= Lou Brown =

English singer-songwriter

Lou Brown (born 1978) is an English singer-songwriter who received the 2003 Southwest's Young Achiever of the Year Award and took part in the Prince's Trust's "Soundlive" programme, where she was offered the opportunity to learn skills from professional working musicians, and subsequently won a grant from the Trust to fund her first major album project. In addition to releasing two albums, What Are You Singing About (2006) and Calm the Rising Waters (2010), she performed at Glastonbury Festival 2009 and appeared on BBC Radio 2's Wake Up to Wogan.

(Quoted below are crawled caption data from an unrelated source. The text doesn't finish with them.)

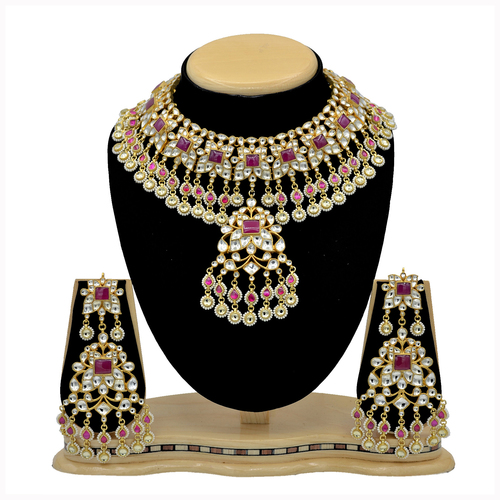 Pachi Kundan Necklace Set Ruby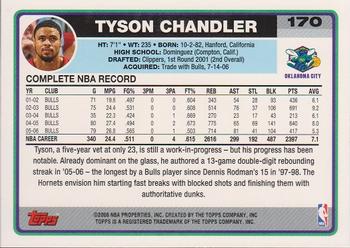 2006-07 Topps #170 Tyson Chandler Back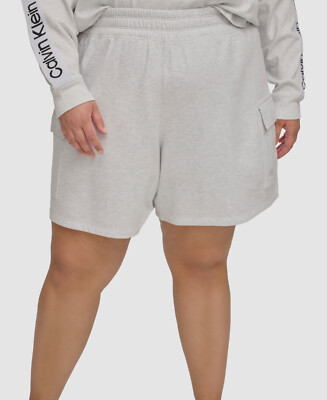 Calvin Klein Women's Gray French-Terry Elastic Waist Cargo Shorts Plus Size  3X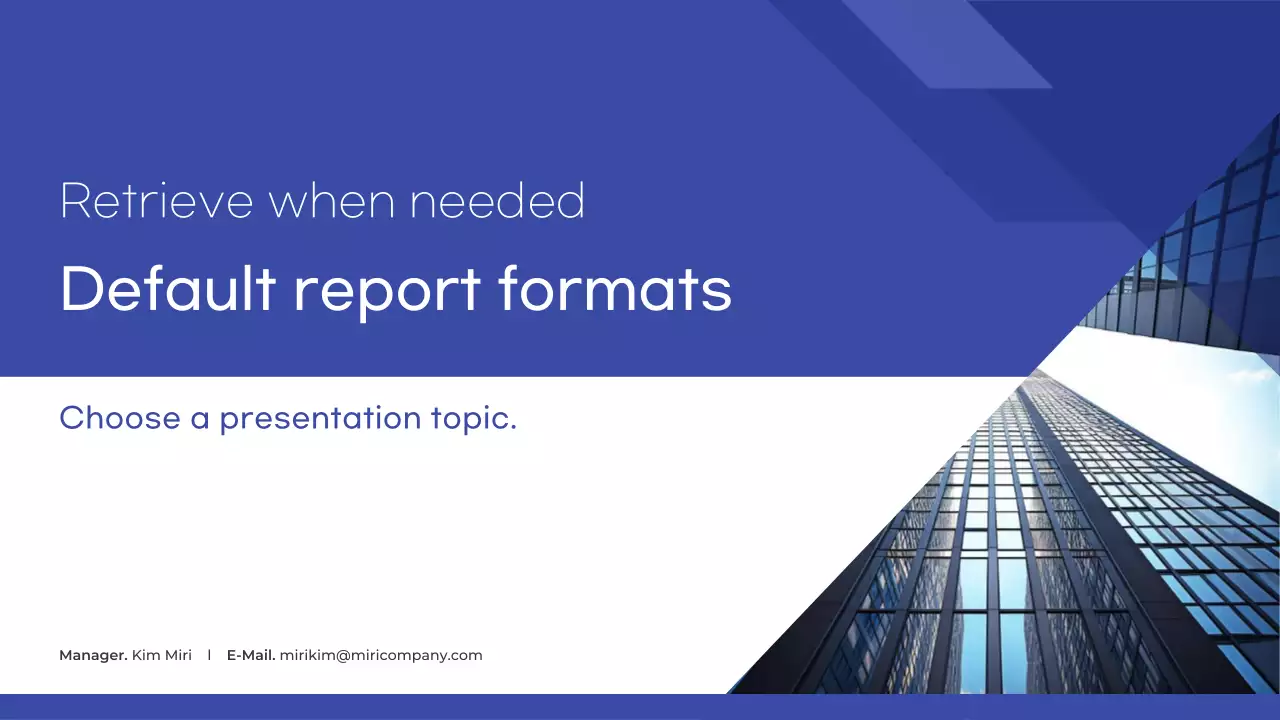 Laporan dasar sederhana dalam warna biru dan biru tua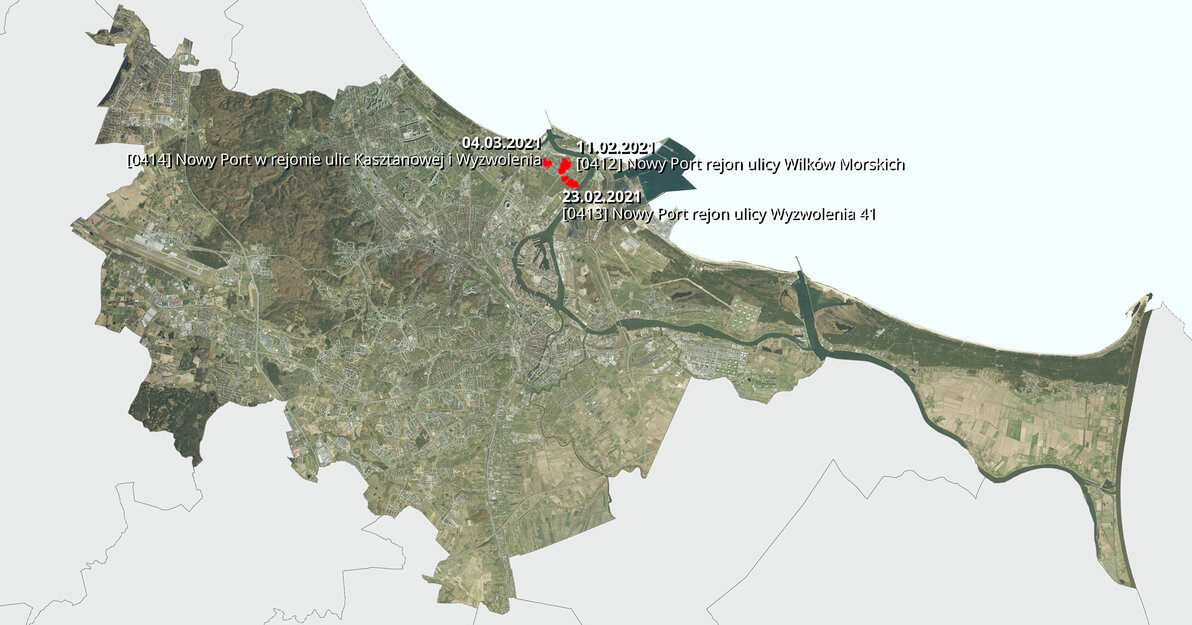 Mapa gdańska z zaznaczonymi granicami wyłożonych do publicznego wglądu planów miejscowych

A native of the Dorset seaside resort town of Bournemouth, Lou Brown describes herself as a folk artist and, in his March 2009 Folk World review of What Are You Singing About, Adolf Goriup wrote that "Lou is a wonderful singer with a soft voice and a great feeling for rhythm, which she proves with the outstanding opening song 'Morning Light'", concluding the write-up with, "Lou Brown has recorded an album that is really worth listening to... I’m sure you’ll like it." The album received airplay on regional UK radio stations such as Wave 105, Original 106 in Southampton and Bristol, Forest FM, BBC Radio Bristol, BBC Radio Gloucestershire, BBC Southern Counties Radio, BBC Somerset and BBC Radio Solent. After years of gigging extensively around the UK, she took the album to America in 2008, playing a series of dates in Chicago and Iowa. Back in the UK, she played support slots for Hazel O'Connor, Paul Young, Boo Hewerdine, Albert Lee, Clive Gregson, and Steve Tilston. Her 29 June 2009 national radio debut on BBC Radio 2's Wake Up to Wogan came about in the aftermath of the Glastonbury Festival appearance. In 2010, her second album, Calm the Rising Waters, produced by Clive Gregson, was released.